While most of the talk around cloud-based disaster recovery is on how you protect your workloads, a number of people are starting to look at this from a different angle. How do you connect to those workloads once they have failed over and are running in the cloud? You have literally moved all your applications and services to another datacenter, potentially in a different state or even country. “Great,” says the IT admin, “all our applications are running as expected, we don’t have any data loss.” “Fantastic job,” says the CIO, “now why can’t I open up our CRM tool? What’s this ‘not connecting’ error?”
Let’s think about this. Even though all your apps and services are running, your users have no idea how to connect to them. In the worst-case scenario your datacenter is dead. What is the best way to get users to connect to the workloads? We have a number of options that can help us here:
- Public-facing applications
- Point-to-Site SSL VPN
- Cloud-based Desktop-as-a-Service
In the interests of this article, we will focus on options 1 and 2. For Cloud-Based Desktop-as-a-Service, I would recommend reading here: http://www.vmware.com/uk/cloud-services/desktop/horizon-air-desktop
First, let’s focus on public-facing applications, and what this term actually means.
Public-facing applications are typically E-Commerce or web service applications. Anything with a front-end web server that is being served to the public. Typically, any company website or online store.
When we look at these applications and services, they have a front-end web server that is providing the content to the end user. This is normally accessed over ports 80 or 443 (http or https), and provides traditional Internet pages. When you fail over these workloads to a disaster recovery offering, whether being another data center you own and manage, or a cloud-based disaster recovery offering, you will still need to access these workloads via port 80 or 443.
A user simply enters the same domain name into the web browser www.yourdomainname.com and it takes them to the website. However, from an admin perspective, when we failover our webservers to VMware vCloud® Air™ we need to make sure the DNS is pointing to the correct location. We would need to change the DNS settings to point to the external IP address of the vCloud Air Edge Gateway. This can be found on the gateways tab in vCloud Air.
Once we change the DNS settings and failover everything is accessible in the same way as it was for our end users.
Lets take a graphical look at this to make it easier to understand:
Nothing really changes from a perspective of publishing web content out to the Internet. However, most companies do not publish the majority of the applications they protect with disaster recovery on the Internet. So how do end users connect to critical applications in the event of a disaster?
Point-to-Site SSL VPN
Let’s take a step back, and think about what the end goal is. Our datacenter is on fire; we have failovered all the workloads over to vCloud Air.
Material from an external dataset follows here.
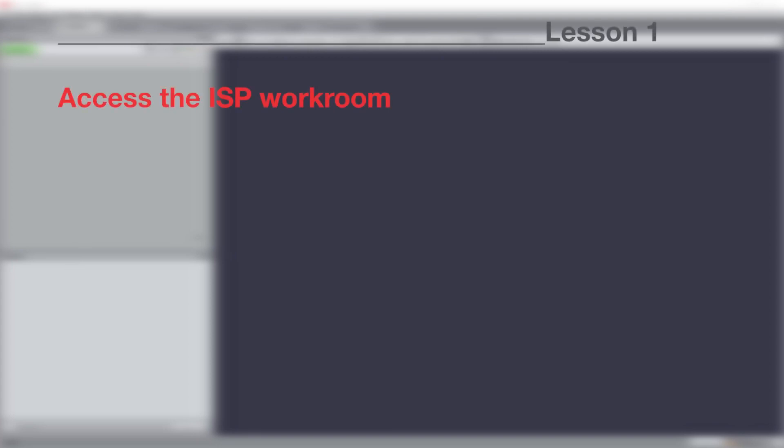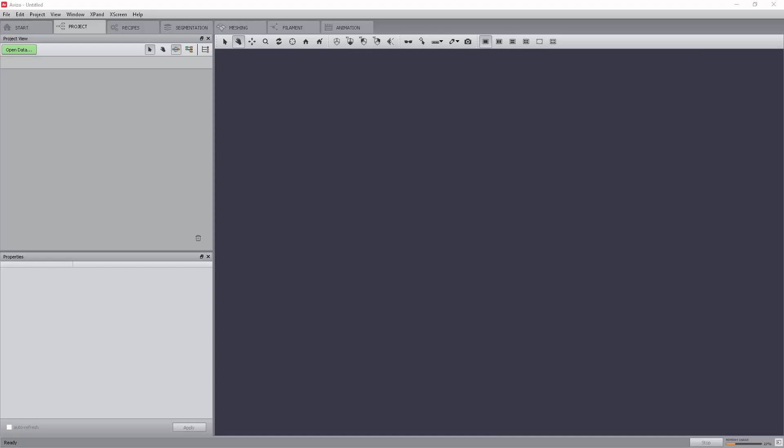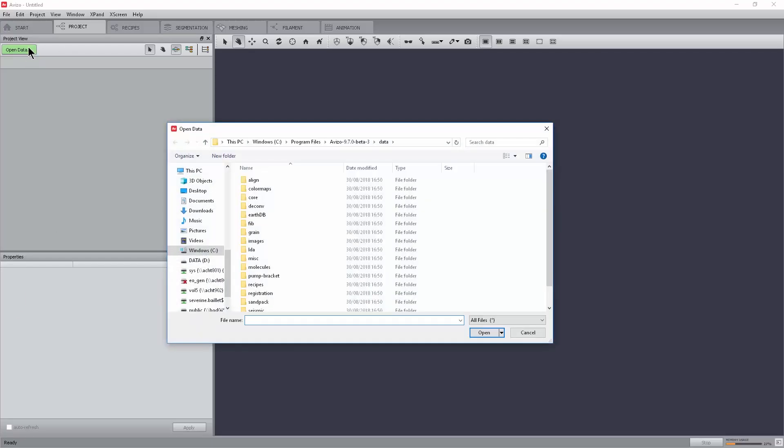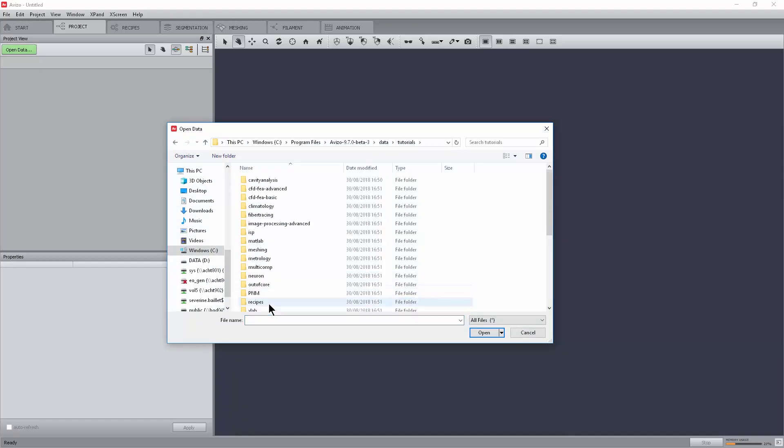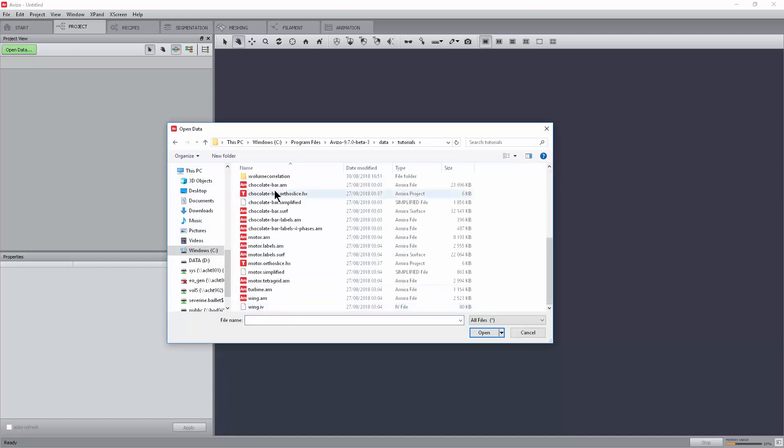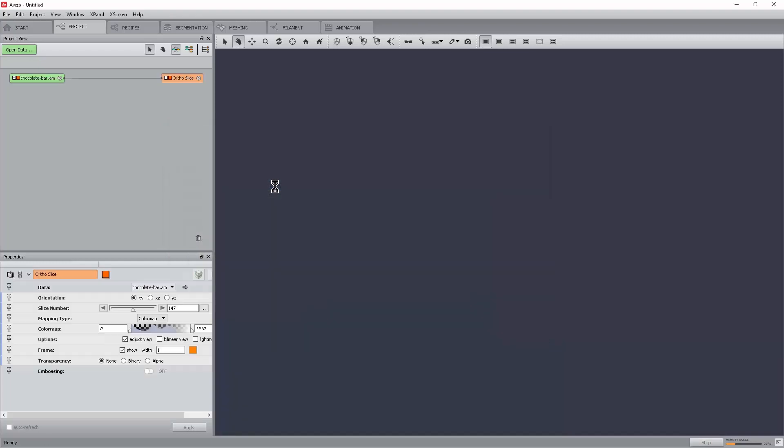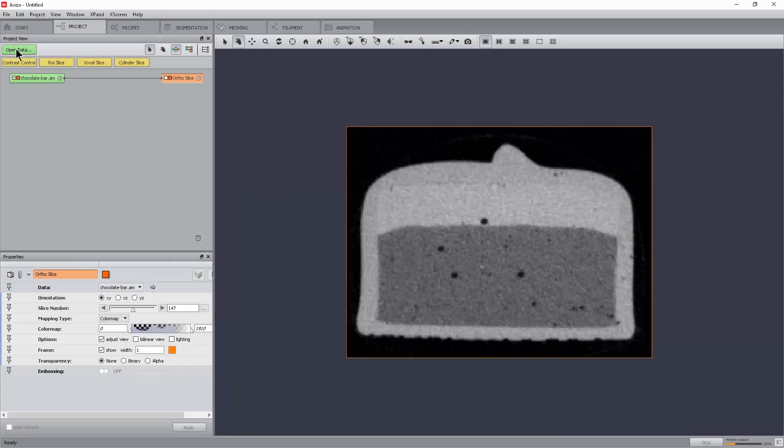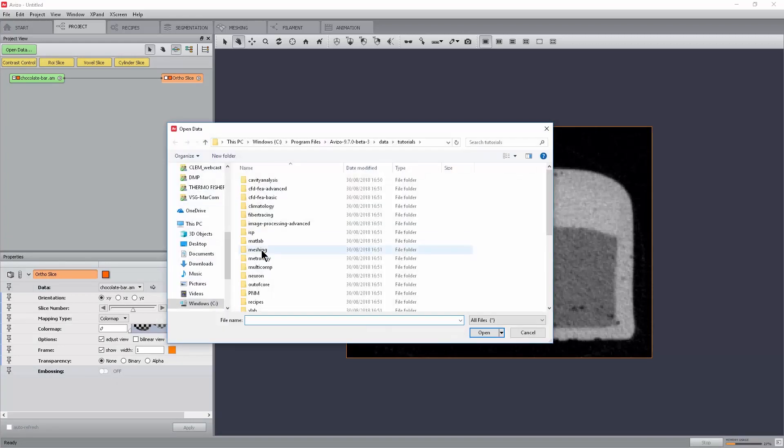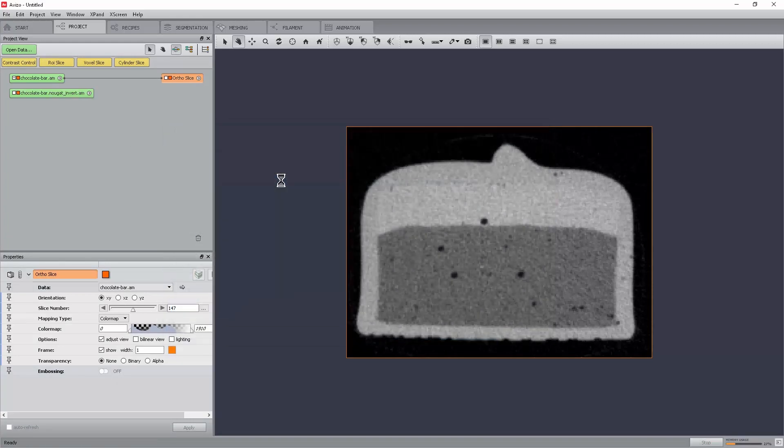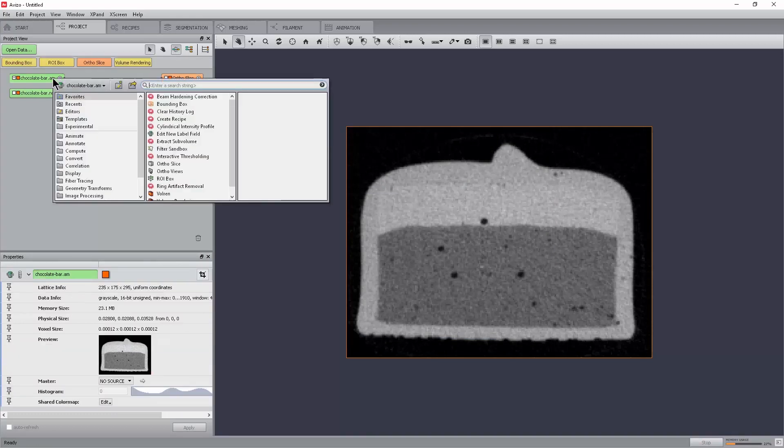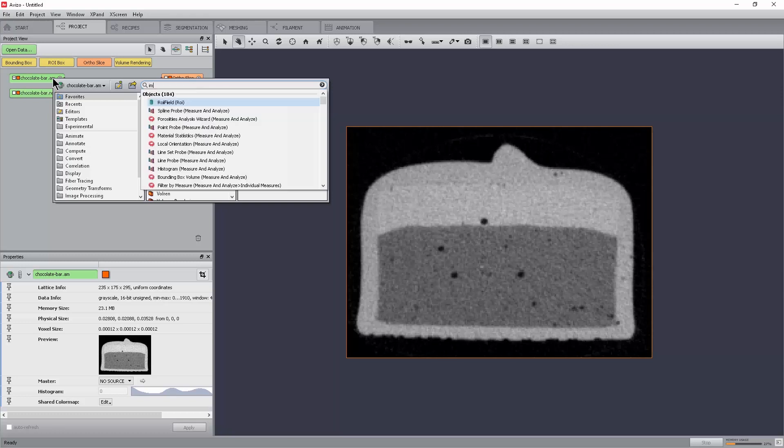First, we will see how to open the Image Stack Processing Workroom from the main project workroom. From the main Aviso project workroom, open the data chocolatebar.am from the Tutorials folder and chocolatebar.nougat.invert.am from the ISP folder. Right-click on the chocolatebar.am data module displayed in the pool and select Image Stack Processing from the object pop-up.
Accounting, finance, customer service, R&D are all back up and running. We are a pretty pleased bunch of admins as all our VMs are powered on, running and can talk to each other. Awesome! Now what about the end users? They are now all at home trying to connect to the services, how do they do that? By leveraging a Point-to-Site SSL VPN, the end users can then securely connect into the vCloud Air environments and work from any location. No different than how we provide capabilities when failing over to a physical datacenter.
What we do in this scenario is deploy a VPN end point appliance into a VMware vCloud® Air™ Virtual Private Cloud OnDemand. This gives us the capabilities to provide end users with SSL VPN connections. We also have a cloud-to-cloud VPN configured between the VPC OnDemand and DR VDC, giving us connectivity from the VPC to the DR VDC. Once an end user initiates a VPN connection, they simply route all the traffic from the VPN appliance over the cloud-to-cloud VPN and into the DR VDC onto the Recovery Network. This gives us the connectivity capabilities we need to provide secure connections to our end users in the event of a failover.
This becomes even simpler when Advanced Networking Services is generally available as the vCloud Air Edge Gateways will be able to provide SSL VPN connectivity directly without the need to install a VPN appliance as a Pilot Light Virtual Machine.
I hope this gives you a high level overview of how to connect to workloads in the event of a failure, and gives some food for thought when designing the network connectivity for such scenarios.